Among the entries below, which lines run from the line with "arme_prodigieuse_modele27" through the line with "Casa Construída no"? Retype those, both ends included, exactly and without pictures.
[SOURCE INFORMATION — start]
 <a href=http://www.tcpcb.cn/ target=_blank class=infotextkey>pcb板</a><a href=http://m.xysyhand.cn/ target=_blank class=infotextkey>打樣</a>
[SOURCE INFORMATION — finish]
[SOURCE INFORMATION — start]
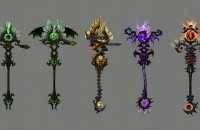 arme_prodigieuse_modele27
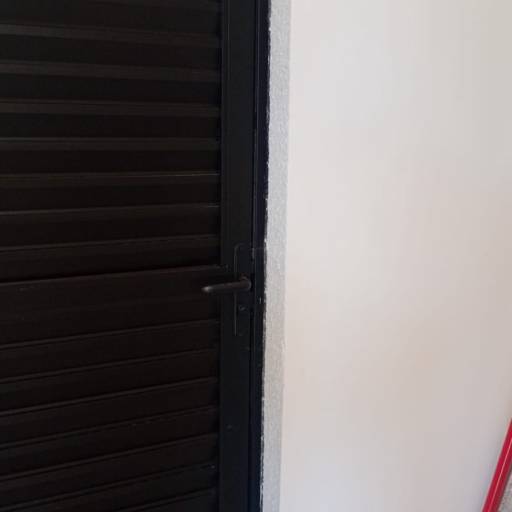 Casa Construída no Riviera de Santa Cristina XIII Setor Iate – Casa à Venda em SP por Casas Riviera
[SOURCE INFORMATION — finish]
[SOURCE INFORMATION — start]
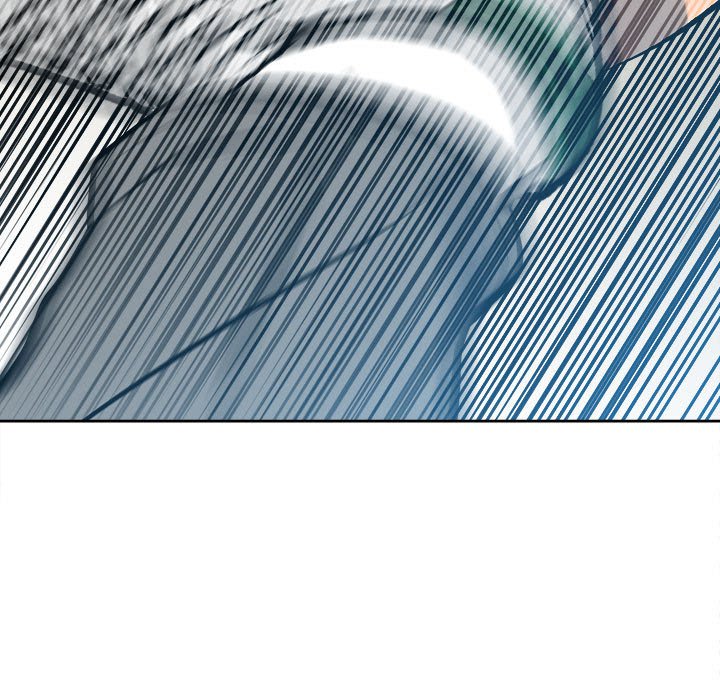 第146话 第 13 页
[SOURCE INFORMATION — finish]
> ANSWER FOR THE TASK:
 arme_prodigieuse_modele27
 Casa Construída no Riviera de Santa Cristina XIII Setor Iate – Casa à Venda em SP por Casas Riviera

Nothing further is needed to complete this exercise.